Обстоятельства наиболее благоприятствующие расхищению жизненной субстанции беспочвенными идеологиями, бывают двоякого рода. Лжеидеологии особенно легко размножаются или в период зарождения идей, или в период их умирания; представляют собой или результат нетерпеливого желания как можно скорее, хотя бы чужими, заимствованными словами высказать только ещё созревающие в душе идеи-реальности, или попытку словесной защиты уже умерших идей. Но самое главное, что характерно для всех беспочвенных неорганических идеологий, или, короче — лжеидеологий, это их взаимная враждебность, их абсолютная непримиримость. Этою непримиримостью, этим отсутствием всякой почвы для примирения они отличаются от тех органических идеологий, которым такая почва дана в лице тех живых идей, на которых они расцветают, которые собою знаменуют, которые творчески в себе осознают.
Для выяснения моей мысли и подтверждения её правильности я позволяю себе привести следующий пример. Возьмем двух монархистов и двух социалистов. С одной стороны — прямого, старозаветного монархиста-помещика и вышедшего из народа социалиста-кооператора (оба люди почвы), с другой — разночинца-профессора, пришедшего к исповеданию творческой немощи демократии, и профессионала-революционера: агитатора и газетчика. Поставим их в условия, ну, хотя бы современной пореволюционной Германии, и спросим себя, какой паре легче сговориться — помещику с кооператором или профессору с газетчиком? Я думаю, что двух ответов быть не может. Старый монархист Гинденбург принял наследство убежденного социал-демократа Эберта, не изменив почти ни в чем социально-политического курса республики.
Это могло случиться только потому, что оба были людьми почвенной идеи, а не фанатиками лжеидеологии. Как человек, органически связанный с монархической идеей, Гинденбург не мог не чувствовать черноты наступивших для нее дней; не мог не понять, что отстаивать монархическую форму правления в условиях, как бы нарочно созданных для опозорения ее, — значит не столько служить монархической идее, сколько изменять ей. Серьезность его скорби о смертном часе монархии сделала из него, конечно, не республиканца, но верного служителя республики.

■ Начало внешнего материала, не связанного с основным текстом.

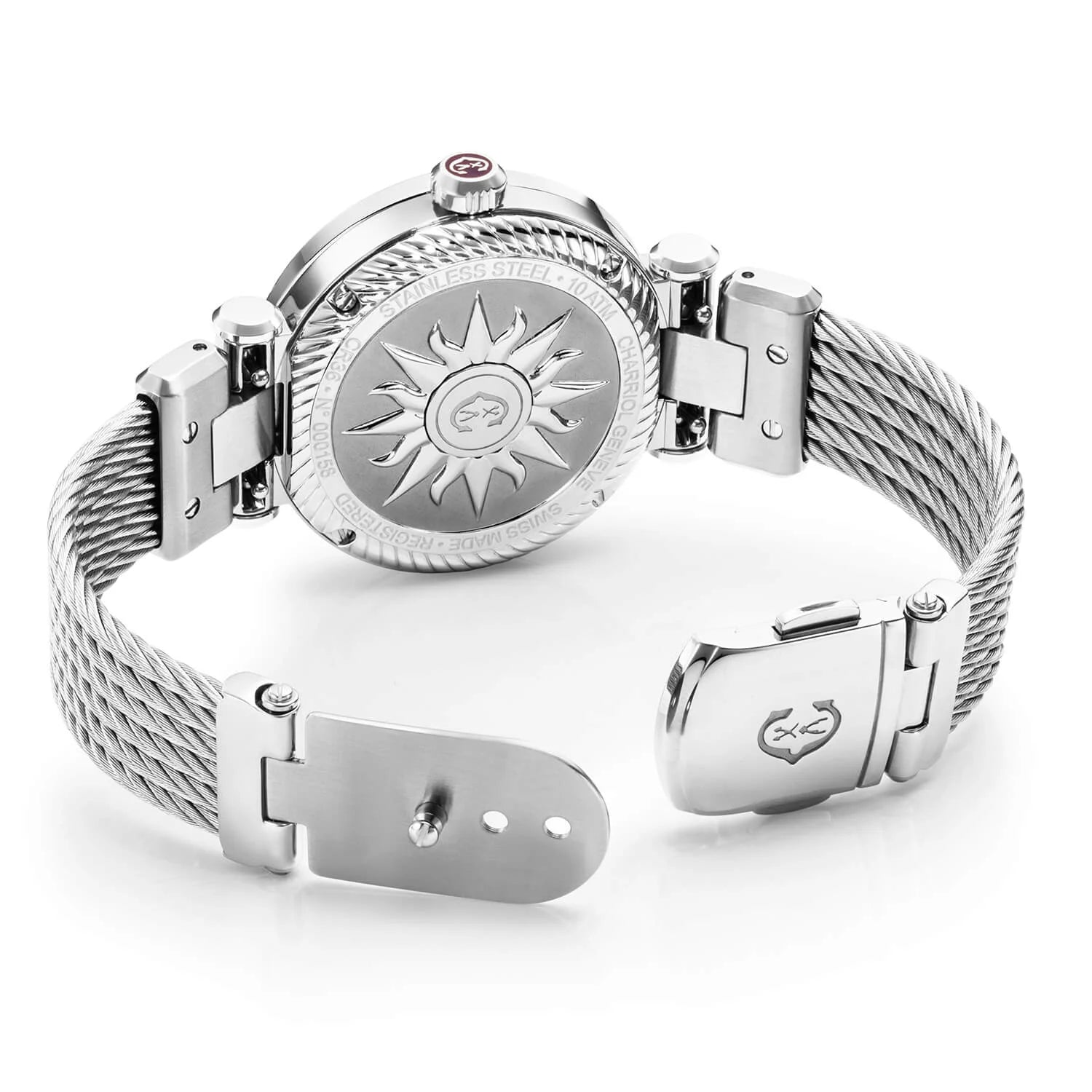 NAVIGATOR CRUISE, 36MM, QUARTZ CALIBRE, WHITE MOTHER-OF-PEARL AND MATT WHITE SUN CENTER WITH 12 ROMAN FIGURES DIAL, STEEL WITH 30 DIAMONDS BEZEL, STEEL INTERCHANGEABLE CABLE BRACELET - © 2024 Charriol - Watch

Аналогично может быть стилизована и психология такого социалиста, каким был Эберт. Будь он беспочвенным идеологом, он должен был бы ориентироваться на отвлеченные догмы социализма, но в качестве человека жизненного, дыханием и кровью связанного с делом и верой трудового народа, он легко и естественно пошел по пути сращения социалистической идеи со всеми еще живыми и потому способными ее поддержать силами прошлого. Он не стал ни католиком, ни буржуазным демократом, но нашел общий язык с католиками и с демократами.
Я ни в какой мере и степени не настаиваю на правильности моей интерпретации фигур Гинденбурга и Эберта, как и всей политической ситуации пореволюционной Германии.